Of all the zones in all the world, the one designated for friends is easily the shittiest. Who the hell honestly wants another friend to worry about? The so-called "friend zone," then, becomes an inescapable trap for many a hopeless romantic stuck listening to their aloof BFF go on and on (and on and on) about recent trysts while pondering existential concerns such as "What's a tryst?" and "Why not me?" Thankfully, a little thing called science has stepped in with some possible illumination on the endless bummer of getting friend-zoned.
In a fresh essay for Psychology Today, the PhD-armed Gwendolyn Seidman breaks down recent research that suggests some examples of the friend zone may actually blossom into a self-fulfilling prophecy:
A self-fulfilling prophecy is when your attitudes toward a person ultimately cause that person to behave in a way consistent with your expectations due to the way you treat that person.
Seidman, who's also the chair of the psychology department at Albright College, breaks down this "self-fulfilling prophecy" theory using a delightful example involving a fictional hetero couple named Penny and Leonard. Despite possessing names that sound like they were ripped straight from a 1950s-era sitcom that would have immediately been canceled, this couple stumbles into a semi-happy ending. Leonard, you see, has been friend-zoned but has been unknowingly projecting his one-sided feelings of love onto Penny. Then this (theoretically) happens:
Eventually Leonard's behavior stirs romantic feelings in Penny and she starts to see him differently.
Seidman's essay, which also received the Uproxxco-sign, then dives into some cold, hard science. One study, published in a recent paper by Edward LeMay and Noah Wolf, found that we are all probably projecting our romantic feelings onto our friends without even realizing it.

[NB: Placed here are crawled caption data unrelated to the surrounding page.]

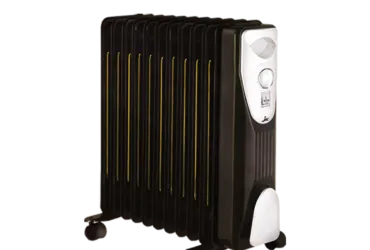 دفايه زيت جاك، 11 ريشة، 2000 وات، NGH-3211B - اسود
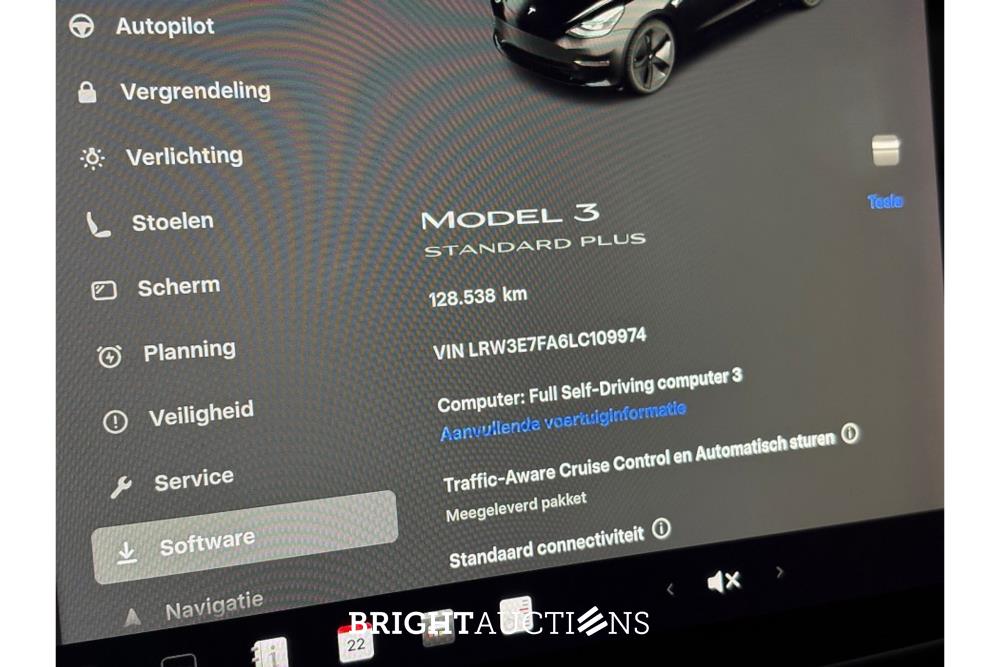 Tesla Model 3 Standard RWD Plus 60 kWh 238pk 2020 (Origineel-NL), K-848-FF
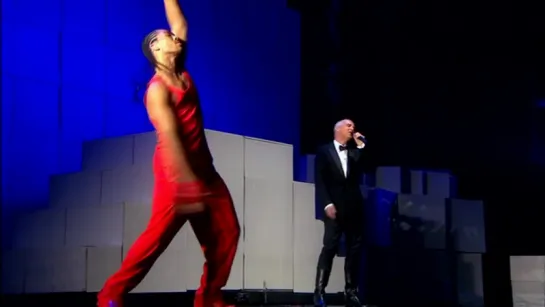 Pet Shop Boys - The Way It Used To Be (O2 Arena, London) (2009)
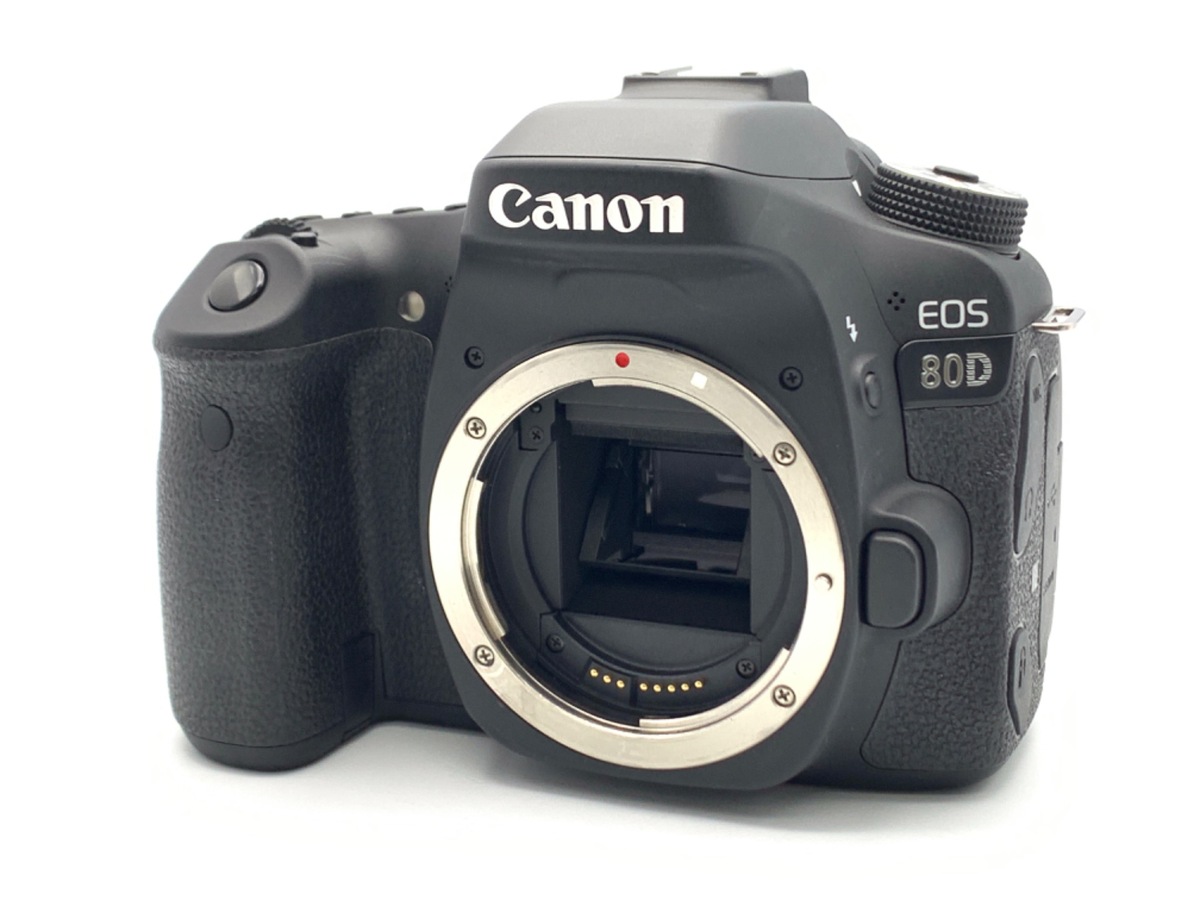 中古）キヤノン　デジタル一眼レフカメラEOS80D カメラボディレンズのセット！ 中古】デジタル一眼レフ｜EOS80D 在庫一覧｜カメラのキタムラ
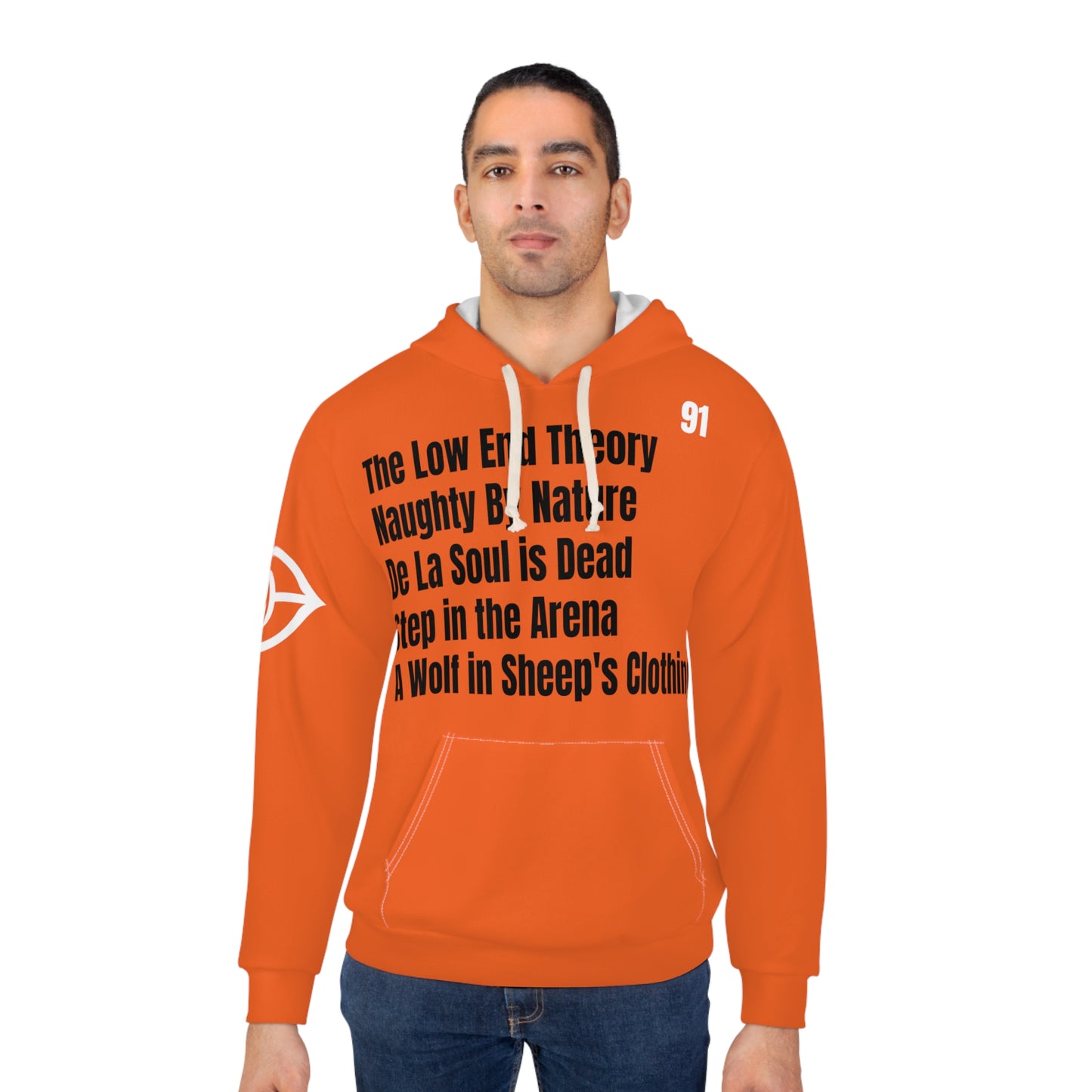 Limited Edition 1991 Golden Era Hip Hop Years Collectable Unisex Pullover Hoodie ( 4 of 20 )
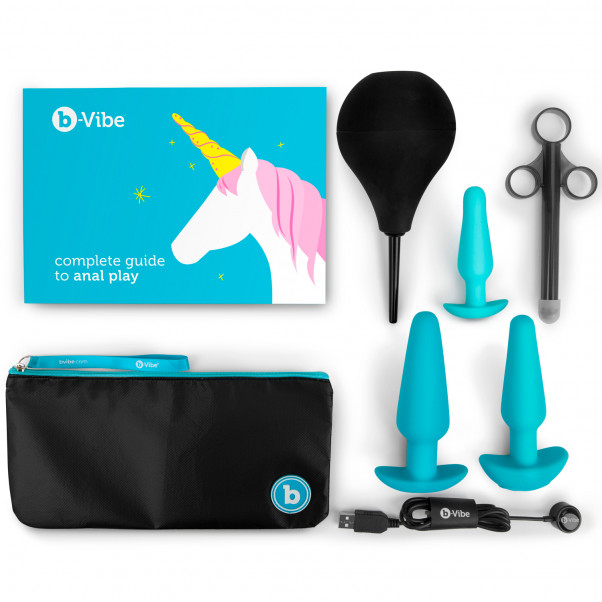 B-Vibe Anal Trænings Sæt  2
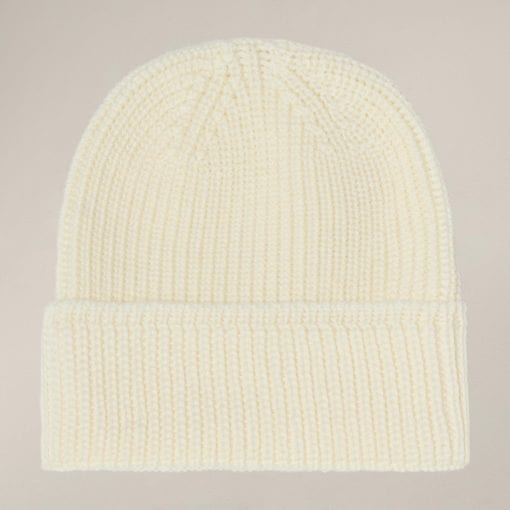 Sailor Cap Purl Knit Merino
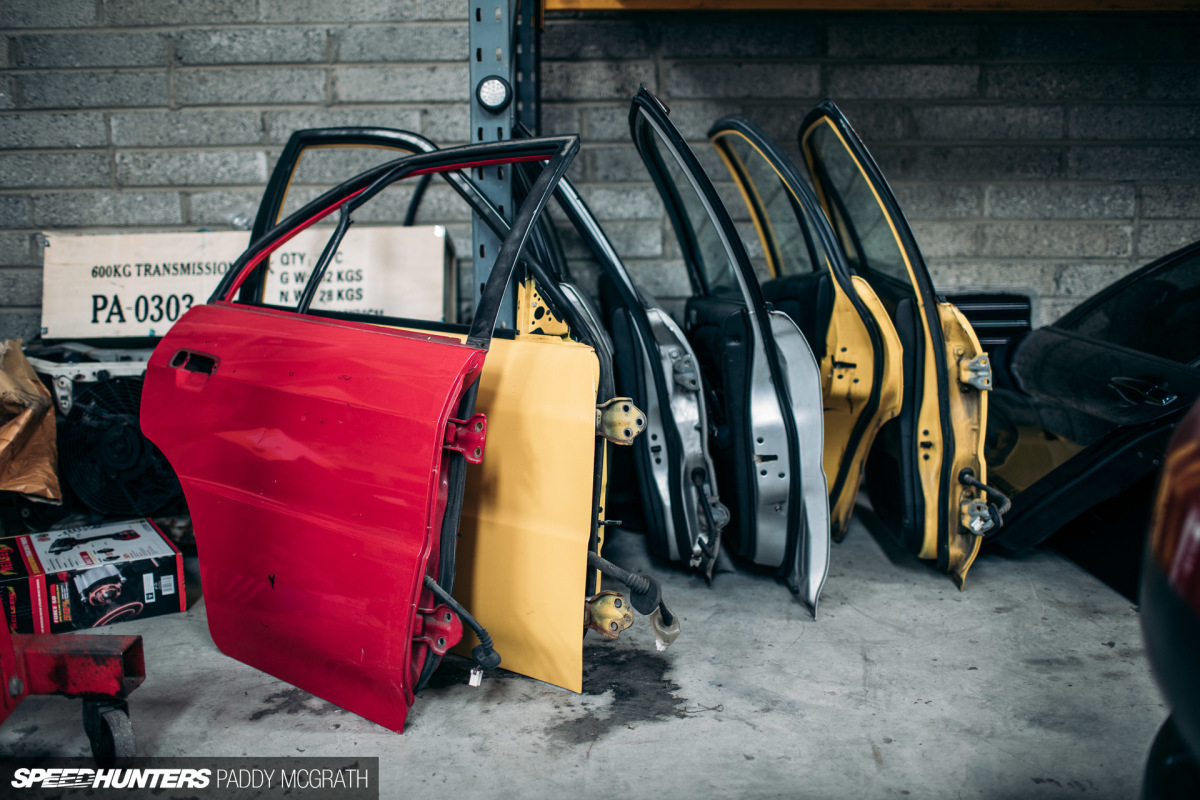 2017 Mitsubishi Lancer Shed Ireland Speedhunters by Paddy McGrath-10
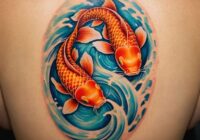 Koi Tattoo Bedeutung » Liebe und Erfolg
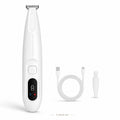 Dog Paw Trimmer & Cat Hair Clipper - Rechargeable LED Grooming Clipper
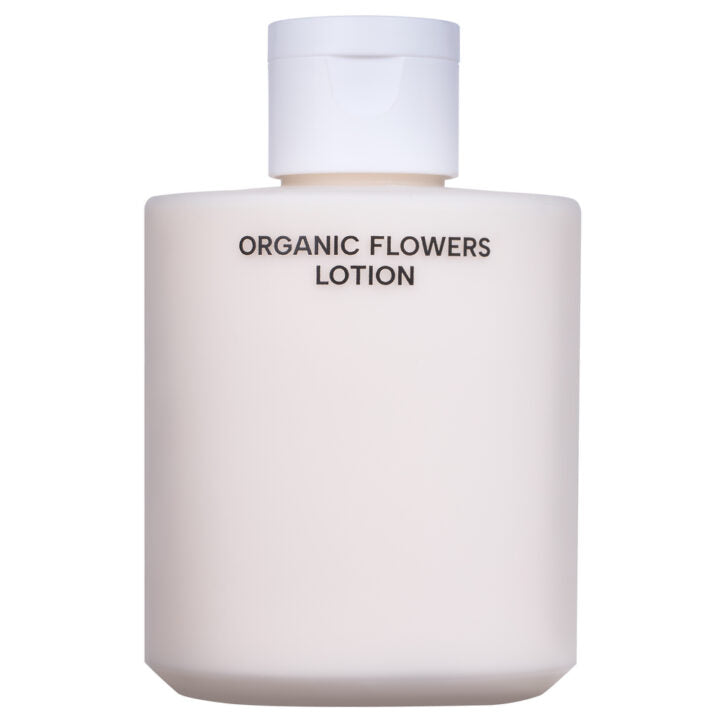 有机花卉倍润乳液 200 ml｜Whamisa Organic Flowers Lotion Double Rich - Kasvoemulsio 200 ml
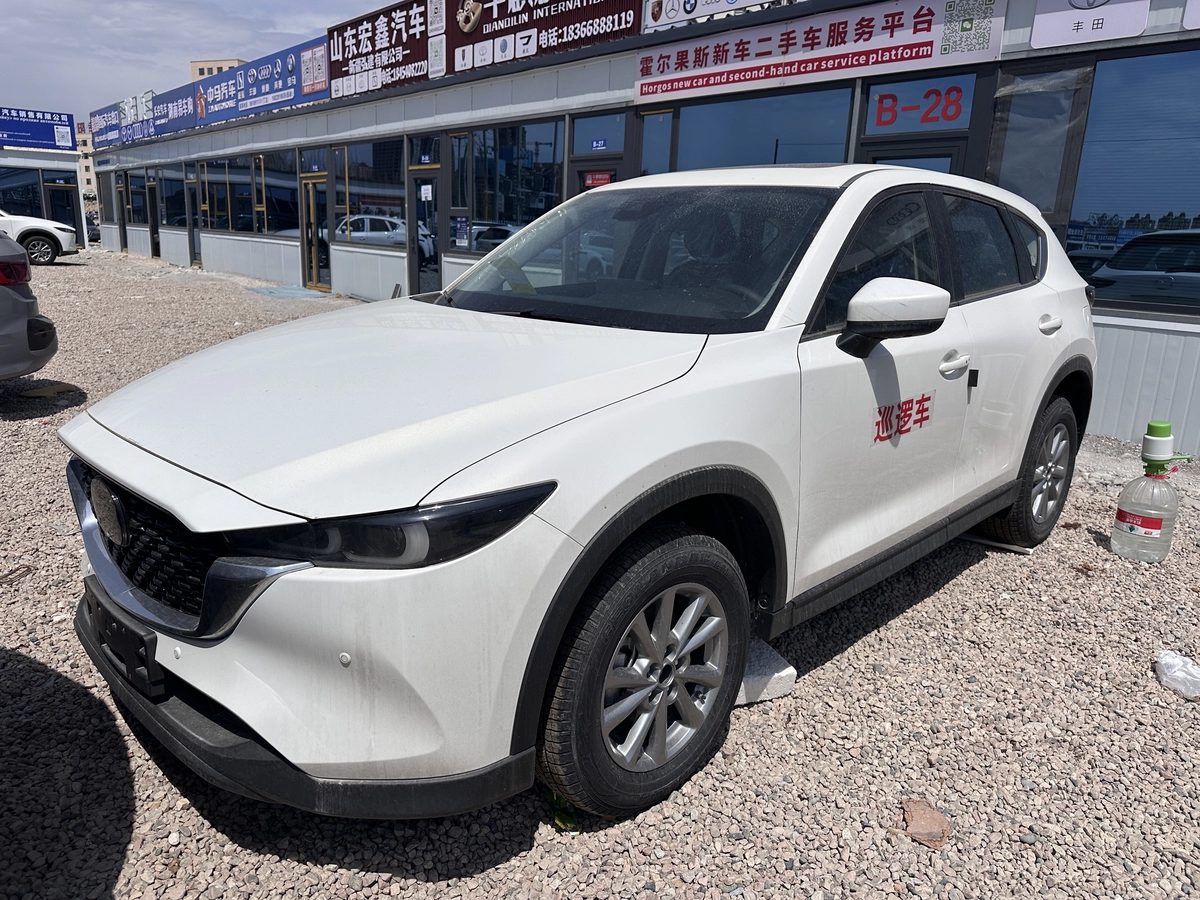 Mazda CX-5 II Рестайлинг 2026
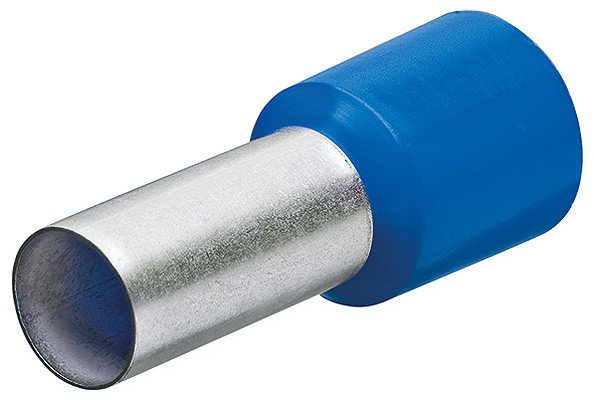Гильзы синего цвета контактные с пластмассовыми изоляторами KNIPEX 97 99 334 KN-9799334 фото 1 — Фирменный магазин Knipex в России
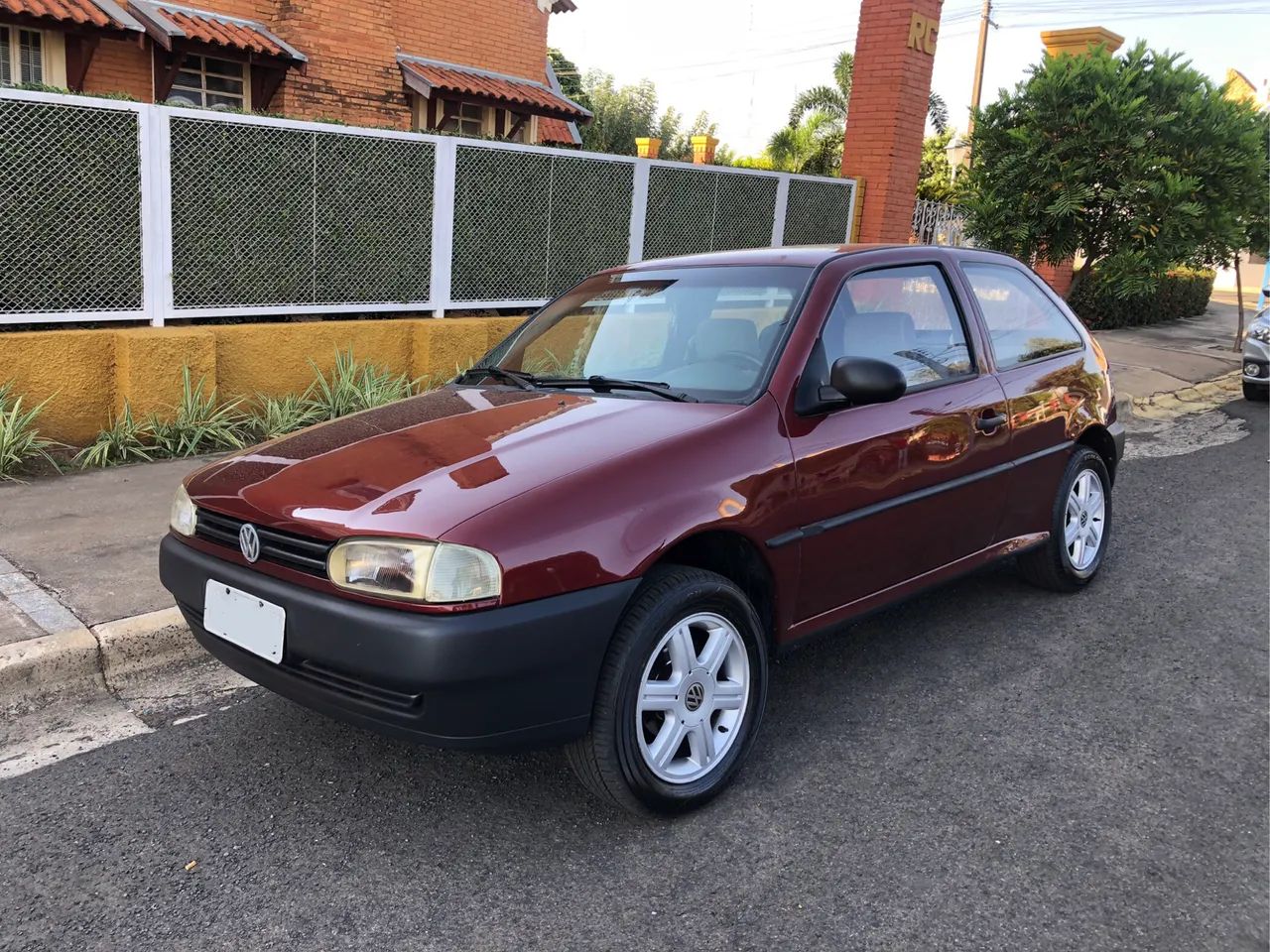Volkswagen Gol Geração II 1000 1.0 8V 53cv Gasolina Mec. 2P 1997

127 pairs of opposite sex friends, all of whom were college students, were asked to fill out questionnaires that assessed their romantic desire for their friend. The questionnaires also delved into their "perception of their friend's romantic desire for them," which sounds like a potential ego implosion. Additionally, participants opened up about their attempts at physical intimacy, flirting, and other non-friend activities with said friend. The result? That whole "self-fulfilling prophecy" thing seems to have some weight behind it. But, as with everything else in this cruel and unrelenting universe, there's a catch:
This only happened if the friend perceived the participant as a good catch. If the friend generally thought the participant was undesirable, then no amount of romancing could change that.
So yeah, as a follow-up study showed, no amount of wishful friend zone thinking could save someone who was perceived as, you know, not dating material.
But keep your heads up. There are plenty of inspirational stories out there that prove that love, be it in the friend zone or otherwise, conquers all.